Supreme Court of United States.
*425 The case was submitted to the Court on printed arguments, by Messrs. Pearce and Turner, and Mr. Atwell, for the plaintiff in error; and by Mr. Ames, Mr. Tillinghast, and Mr. Green, for the defendant.
*431 Mr. Justice M`LEAN delivered the opinion of the Court.
This case is brought before this Court by a writ of error to the Circuit Court of Rhode Island.
The defendant, Cyrus Butler, commenced an action of replevin against the plaintiff in error, for various articles of personal property specified in the writ of replevin, and claimed by him under a mortgage dated the 20th day of November, 1837. The defendant had taken possession of the property, by virtue of an execution directed to him as marshal, on a judgment against the mortgagors.
On the trial, certain exceptions were taken to the rulings of the Court, which bring the questions decided before this Court.
The mortgage was executed by one Daniel Greene, as the agent of the Union Steam Mill Company, said company being a manufacturing corporation, conveying to the plaintiff below certain lands, with a woollen mill and other buildings, with the machinery in said mill, &c. And the incorporating act and several acts amendatory thereto were read in evidence. And also a deed from William P. Salisbury to the said Greene, dated the 18th May, 1837, conveying all his interest in the real and personal property of the Union Steam Mill Company.

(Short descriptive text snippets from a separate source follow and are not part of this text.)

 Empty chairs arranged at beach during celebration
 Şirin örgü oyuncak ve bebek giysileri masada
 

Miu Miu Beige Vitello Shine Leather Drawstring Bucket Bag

And it was proved that Daniel Greene, who executed the deed first aforesaid, was, and had been from the time of the formation of said company, the general agent, and, as such, had made all purchases and sales for the company; and that the deed was executed by him with the consent and authority of said company: and also by and with the consent and authority of the persons who, at the time of the execution thereof, were members of said company.

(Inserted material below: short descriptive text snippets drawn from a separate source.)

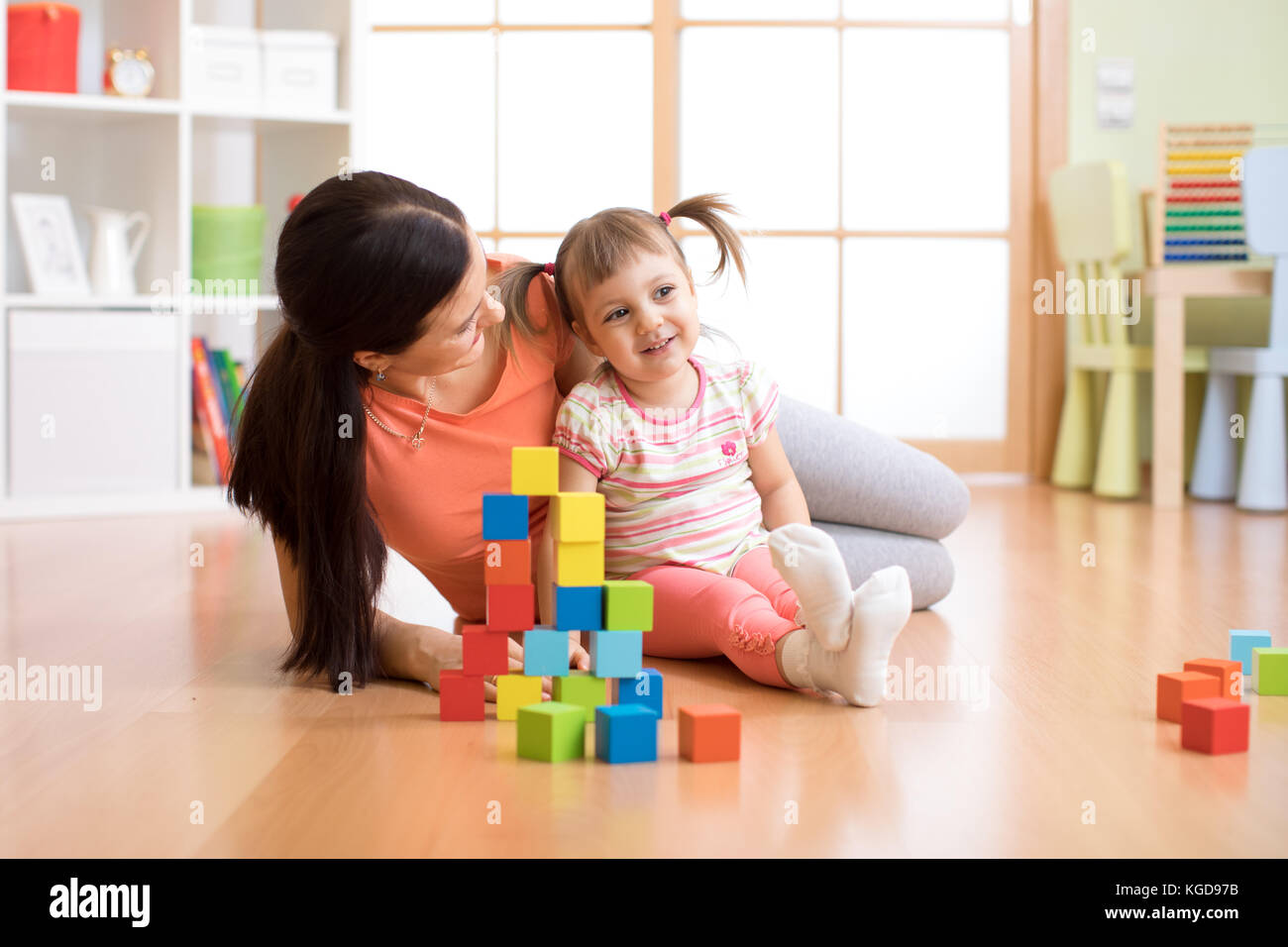 cute mother and child girl play with cubes together Stock Photo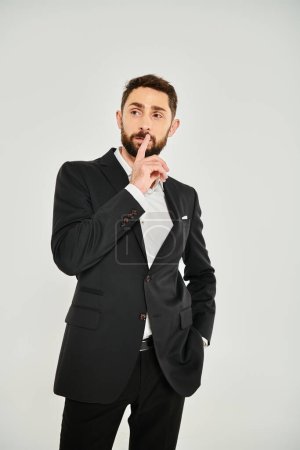 nachdenklicher Geschäftsmann im schwarzen Anzug, der Lippen berührt, während er mit der Hand in der Tasche auf grau steht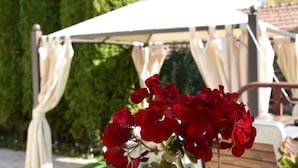 A gazebo with white curtains and red flowers in the foreground. - Pensiunea Nicolas (Sinaia)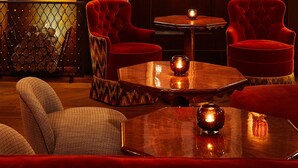 A warmly lit lounge area with a fireplace, red upholstered chairs, a round coffee table, and various framed artworks on the walls. - The Fifth Avenue Hotel (New York)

The Court decided that the said corporation was not so proved as to entitle the deed to be read to the jury as the deed of the said corporation; but that the deed was good to convey a valid title to the articles named in the writ of replevin. To this decision the counsel for the defendant excepted.

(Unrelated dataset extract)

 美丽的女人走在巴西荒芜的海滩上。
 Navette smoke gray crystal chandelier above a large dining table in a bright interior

And it was further objected to said deed, that it did not appear that the same had been recorded prior to the defendant's levy on the articles by the writ of replevin, in conformity to the statute on the subject. The counsel for the plaintiff produced and read to the Court an endorsement on the back of said deed, signed by the clerk of the town of East Greenwich, in the words and figures following, to wit: "Lodged in the town clerk's office, to record, Nov. 20th, 1837, at 5 o'clock P.M., and recorded same day in the records of mortgages in East Greenwich, book No. 4, &c."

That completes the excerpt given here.